## Exercise
Please repeat exactly the lines from the one containing "Dinosaur Pattern Blue Tie" to the end of the entries below, both included, and omit all pictures.

··· Data for this task ···

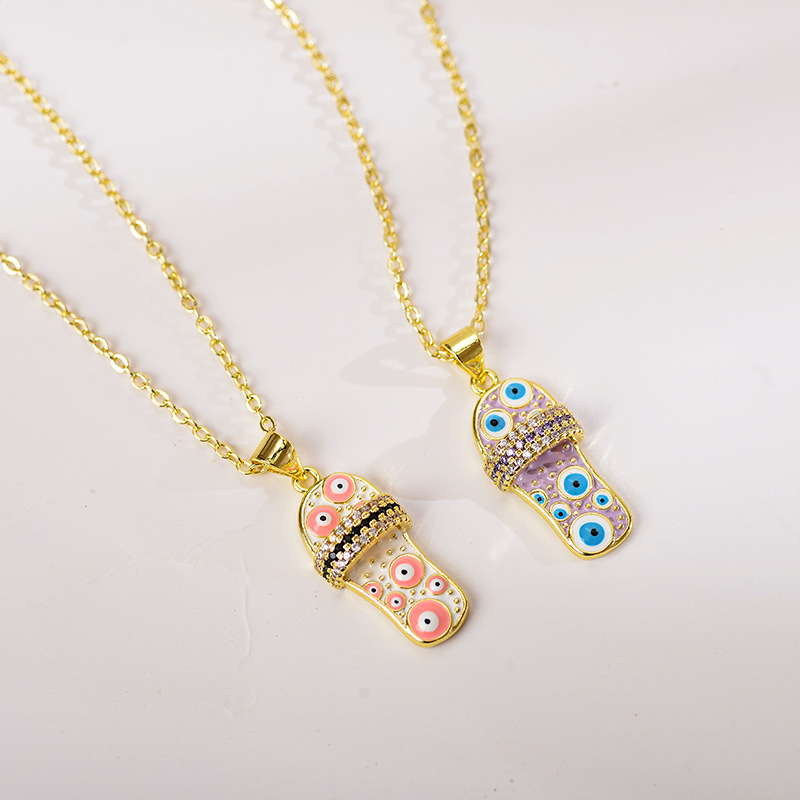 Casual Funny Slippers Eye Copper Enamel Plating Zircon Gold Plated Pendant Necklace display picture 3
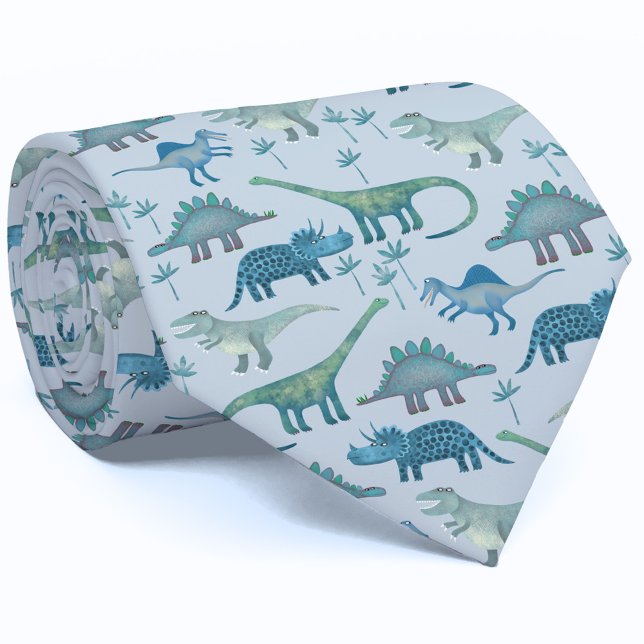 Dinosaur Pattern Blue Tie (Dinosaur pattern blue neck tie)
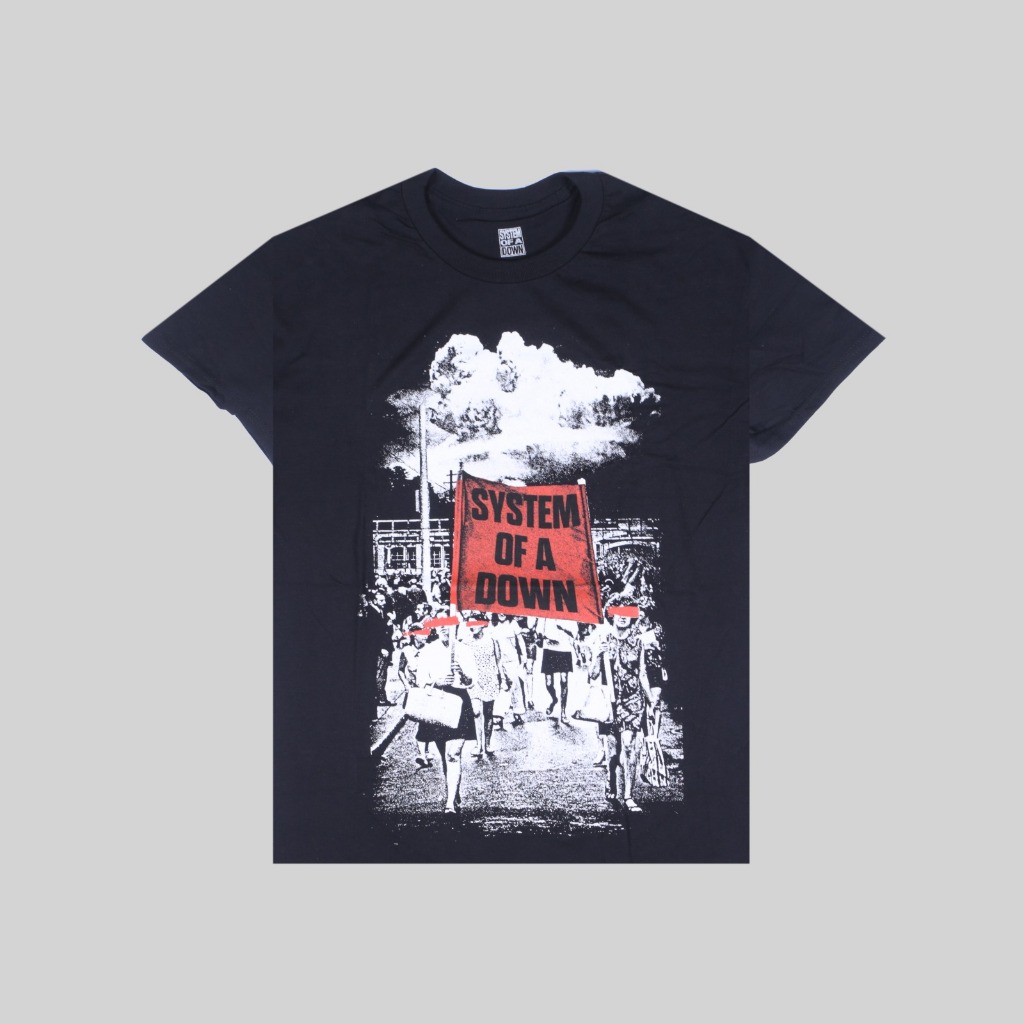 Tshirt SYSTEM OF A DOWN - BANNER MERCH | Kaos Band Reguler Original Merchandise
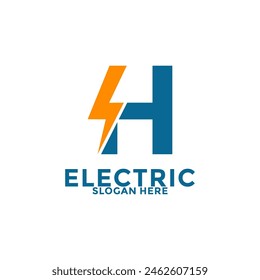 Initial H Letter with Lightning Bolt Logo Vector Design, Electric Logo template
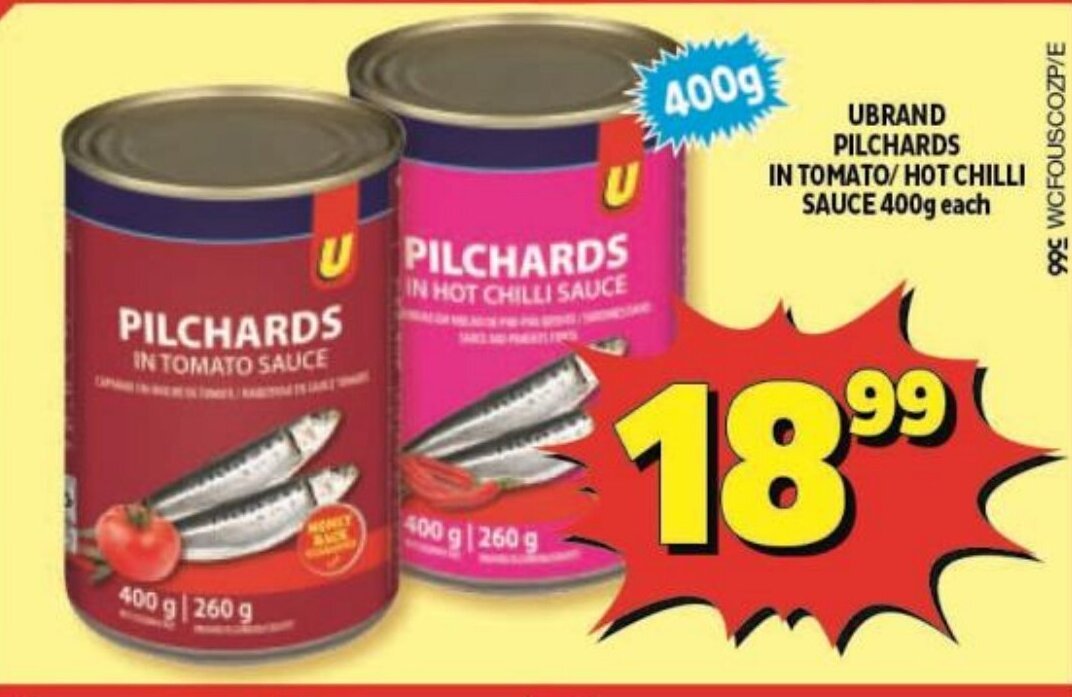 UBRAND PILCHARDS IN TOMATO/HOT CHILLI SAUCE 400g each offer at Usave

···

## Answer to this task
 Dinosaur Pattern Blue Tie (Dinosaur pattern blue neck tie)
 Tshirt SYSTEM OF A DOWN - BANNER MERCH | Kaos Band Reguler Original Merchandise
 Initial H Letter with Lightning Bolt Logo Vector Design, Electric Logo template
 UBRAND PILCHARDS IN TOMATO/HOT CHILLI SAUCE 400g each offer at Usave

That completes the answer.